• [What needs to be done] The data should be written out in full, exactly as it stands, and the pictures dropped.

• [Data provided]

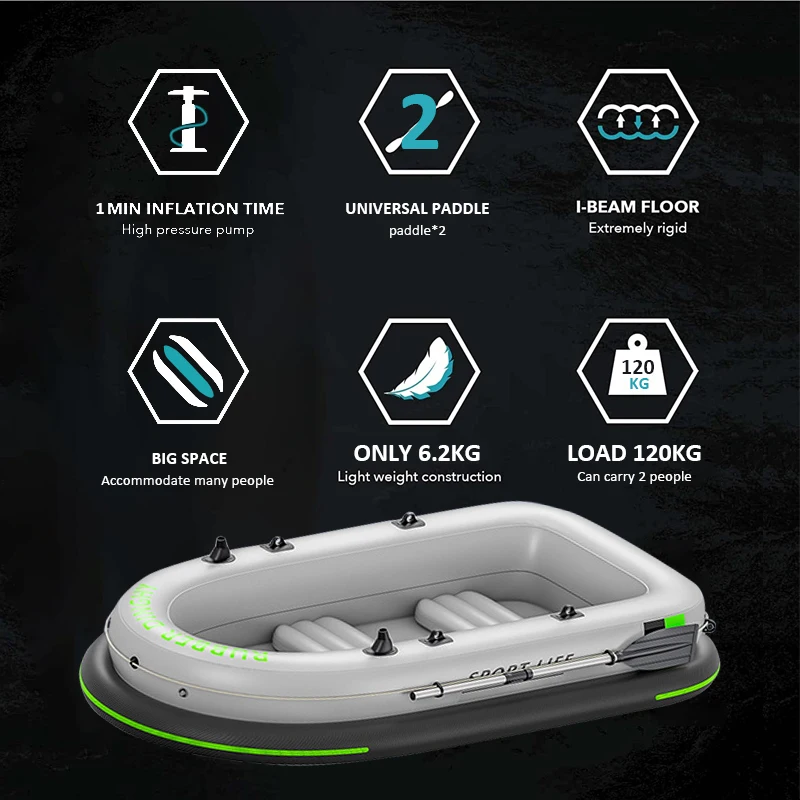 2.2M 2.6M 3M Inflatable Kayak Thickened Plastic Boat Power Thruster Double Air Cushion Fishing Boat Drift Canoe Rubber Boat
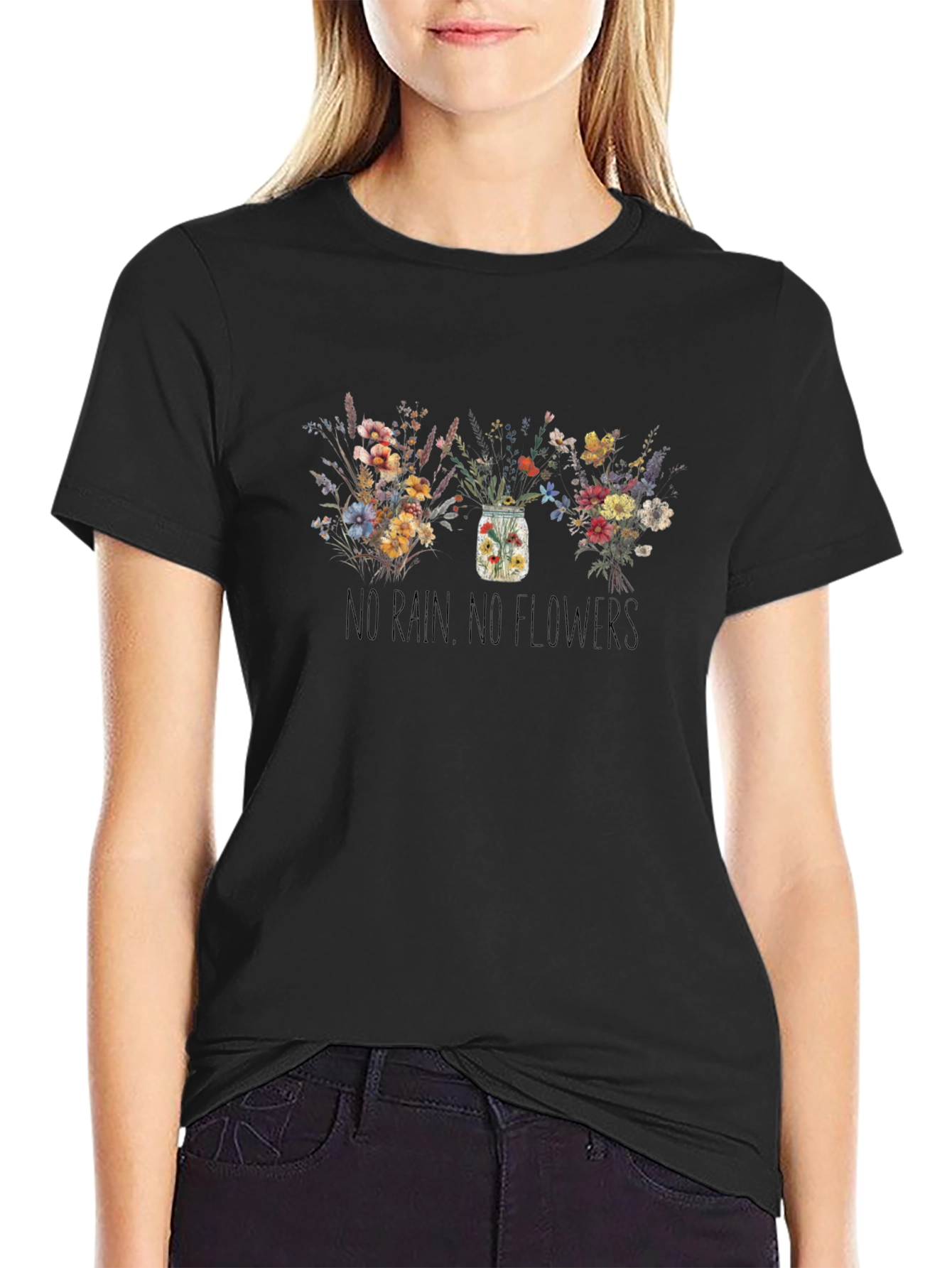 Floral No Rain No Flowers Black T-Shirt
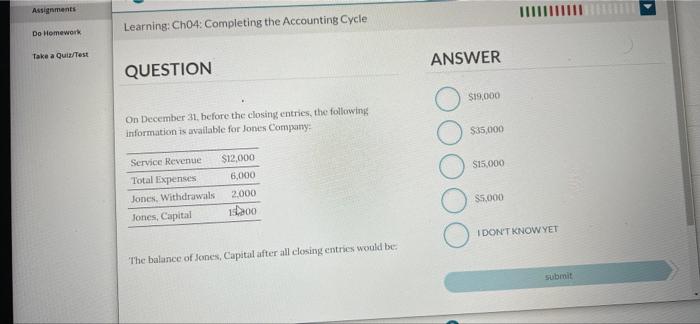  Assignments Do Homework Take a Quiz/Test Learning: Ch04: Completing the Accounting
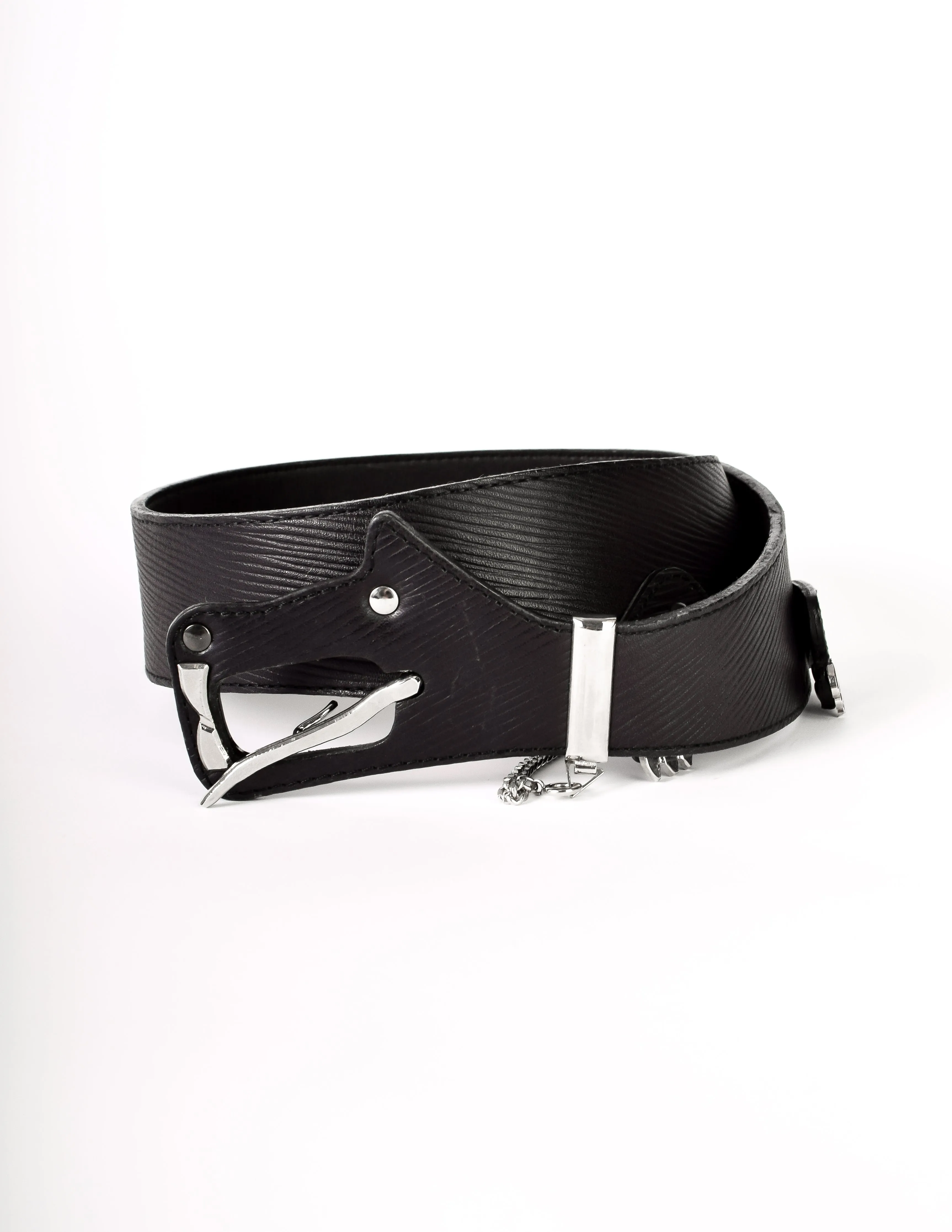 Issey Miyake Vintage Black Leather Silver Chain Dragon Belt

• [Task answer]
 2.2M 2.6M 3M Inflatable Kayak Thickened Plastic Boat Power Thruster Double Air Cushion Fishing Boat Drift Canoe Rubber Boat
 Floral No Rain No Flowers Black T-Shirt
  Assignments Do Homework Take a Quiz/Test Learning: Ch04: Completing the Accounting
 Issey Miyake Vintage Black Leather Silver Chain Dragon Belt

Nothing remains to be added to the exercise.